An alternative way is to use the propagator. I will set $\hbar^2/m=1$ so that the propagator is: $$ \begin{align} G &= \int e^{-itk^2/2}e^{ikx}\frac{dk}{2\pi} \\ &= \frac{e^{ix^2/2t}}{\sqrt{-i2\pi t}} \end{align} $$ Setting $a=1$, your wave function is: $$ \begin{align} \psi &= \int e^{-|y|}\frac{e^{i(x-y)^2/2t}}{\sqrt{-i2\pi t}}dy \\ &= \int_{-\infty}^x e^{y-x}\frac{e^{iy^2/2t}}{\sqrt{-i2\pi t}}dy+\int_x^{+\infty} e^{x-y}\frac{e^{iy^2/2t}}{\sqrt{-i2\pi t}}dy \\ &= -\frac{e^{-x+it/2}}{\sqrt{-i2\pi t}}\int_{-x}^{+\infty} e^{i(y+it)^2/2t}dy+\frac{e^{x+it/2}}{\sqrt{-i2\pi t}}\int_x^{+\infty} e^{i(y+it)^2/2t}dy \\ &= -\frac{e^{-x+it/2}}{2}\text{erfc}\left(\frac{it-x}{\sqrt{-i2\pi t}}\right)+\frac{e^{x+it/2}}{2}\text{erfc}\left(\frac{it+x}{\sqrt{-i2\pi t}}\right) \end{align} $$

You can recover this formula in Fourier space. However, as Hyperon remarked, your approach was wrong because you are neglecting the contribution of the arc that closes the contour. In your case Jordan's lemma does not apply, and in fact it is precisely this arc that will give you the error function.

Answer 2

Trying to evaluate your integral by using complex integration over a closed contour in the complex plane is doomed to fail (in this case) as the contribution from a large semicircle with radius $R$ will never vanish in the limit $R \to \infty$ because of the presence of the term $\exp(-i K_2 z^2)$ with $K_2 \gt 0$ in the integrand.

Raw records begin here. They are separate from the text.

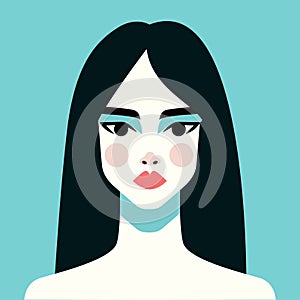 Minimalist Woman Portrait. Flat Design Style. Female Face Avatar Isolated Icon. Colorful Abstract Cartoon Character Person.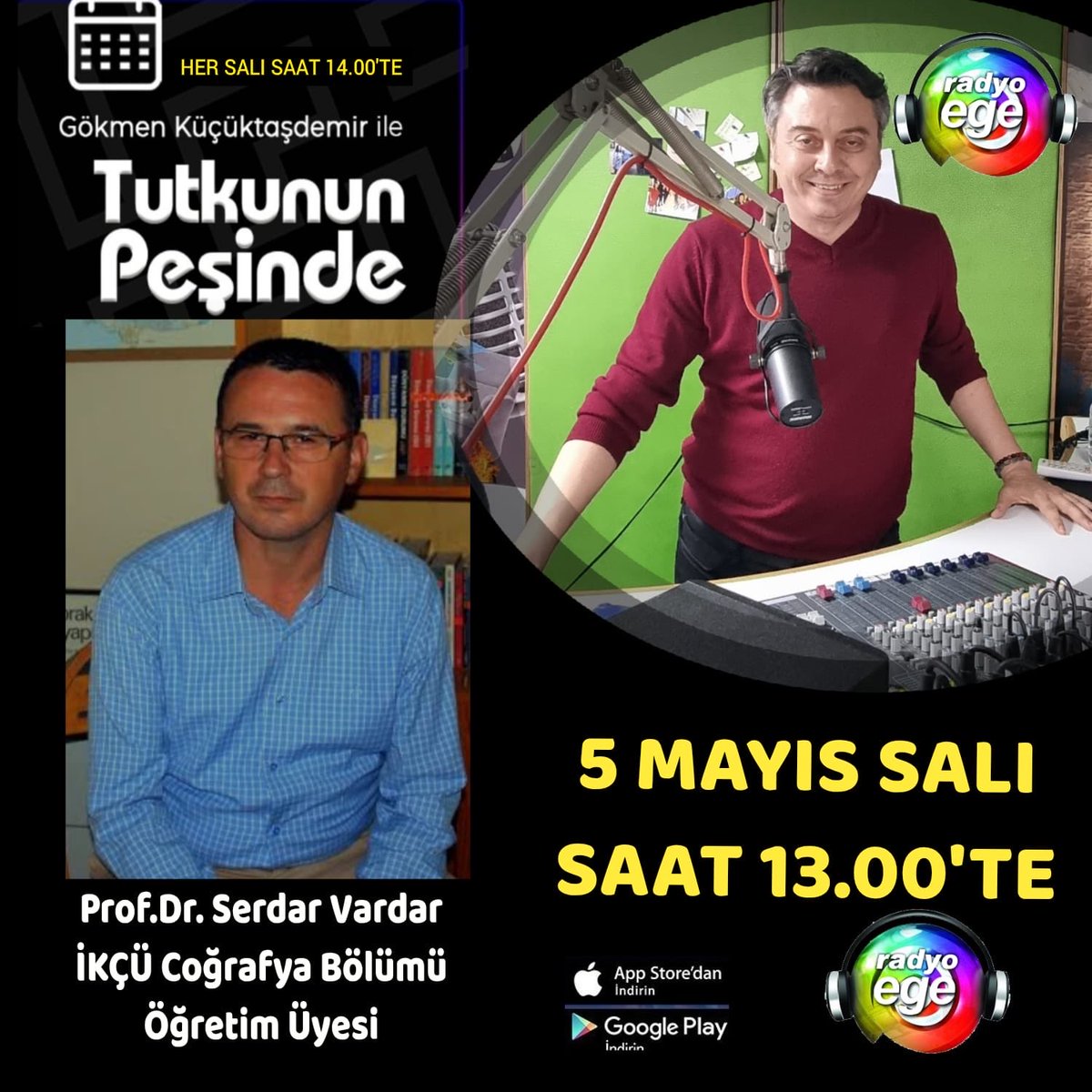 takmeorg's tweet photo. Radyo Ege'nin bu haftaki konuğu Enstitümüzün Arkeometri Laboratuvarı Birim Sorumlusu Prof. Dr. Serdar Vardar olacak.
Herkesi bekleriz.

Tutkunun Peşinde Programı Salı günü saat 13:00’te Radyo Ege'de.

https://t.co/7Re6G3tTK4

@yazgi_gokhan @sbndogan https://t.co/cjufmnK03z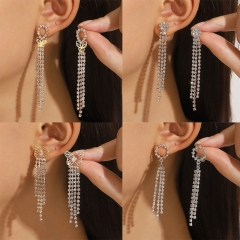 Super Flash Long Rhinestone Tassel Earrings Women Full Diamond Light Luxury Butterfly Earrings Wholesalers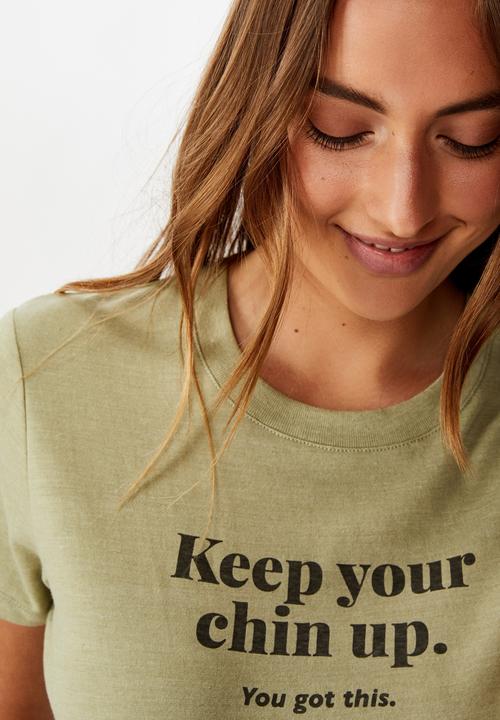 Cotton On - Tbar Cara graphic crop T-shirt keep your chin up - tea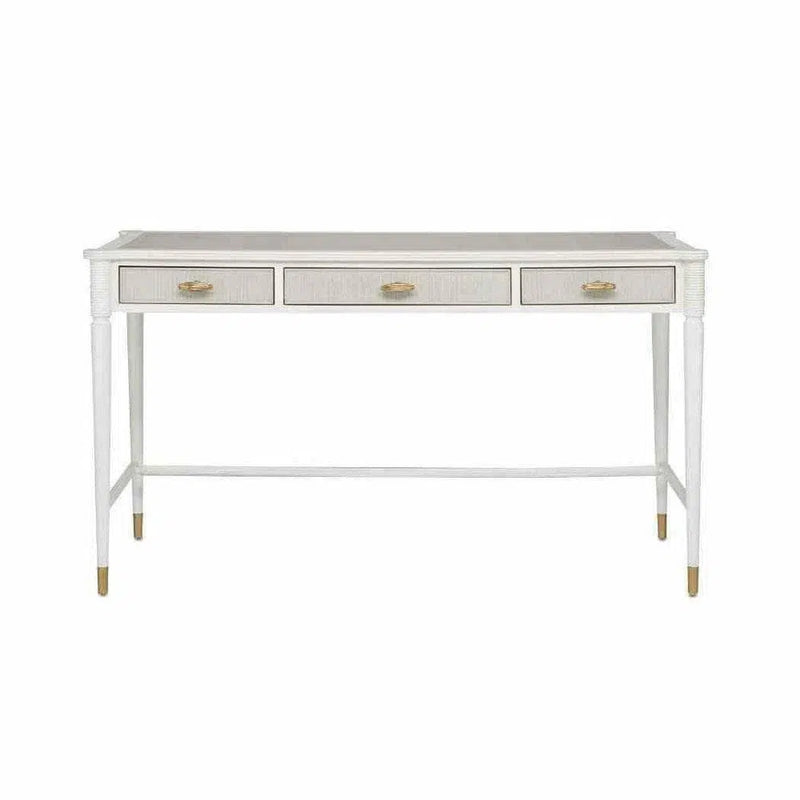 White Fog Brass Aster Desk Winterthur Collection Home Office Desks LOOMLAN By Currey & Co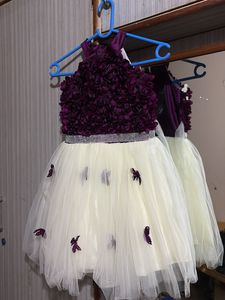 Purple Flower Girl Dress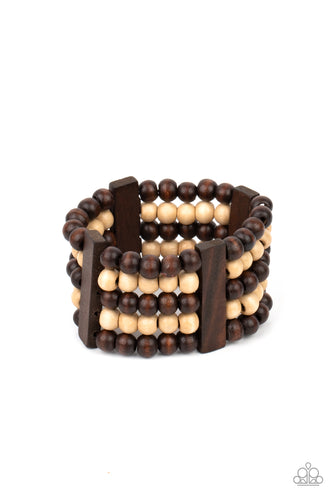 Held in place by rectangular wooden frames, strands of brown and white wooden beads are threaded along stretchy bands around the wrist for a colorfully tropical look.  Sold as one individual bracelet by Paparazzi.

Parametrizing the large semicircle by $z= R \exp( i \varphi)$ (with $0\le \varphi \le \pi$ for a semicircle chosen in the upper half of the complex plane or $\pi \le \varphi \le 2\pi$ for a semicircle in the lower half plane), the term $$\exp(-i K_2 z^2)= \exp(-i K_2 R^2 \cos 2 \varphi)\exp(K_2 R^2 \sin 2 \varphi)$$ explodes for $K_2 R^2 \sin 2 \varphi\gt 0$, corresponding to $0 \lt \varphi \lt \pi/2 $ (semicircle in the upper half plane) or $\pi \lt \varphi \lt 3\pi/2$ (semicircle in the lower half plane). Note that the subdominant term $\exp(iK_1 z)$ does not play any role in this context. Note also that your integral cannot be expressed in terms of elementary functions (except in the special case $K_2=0$).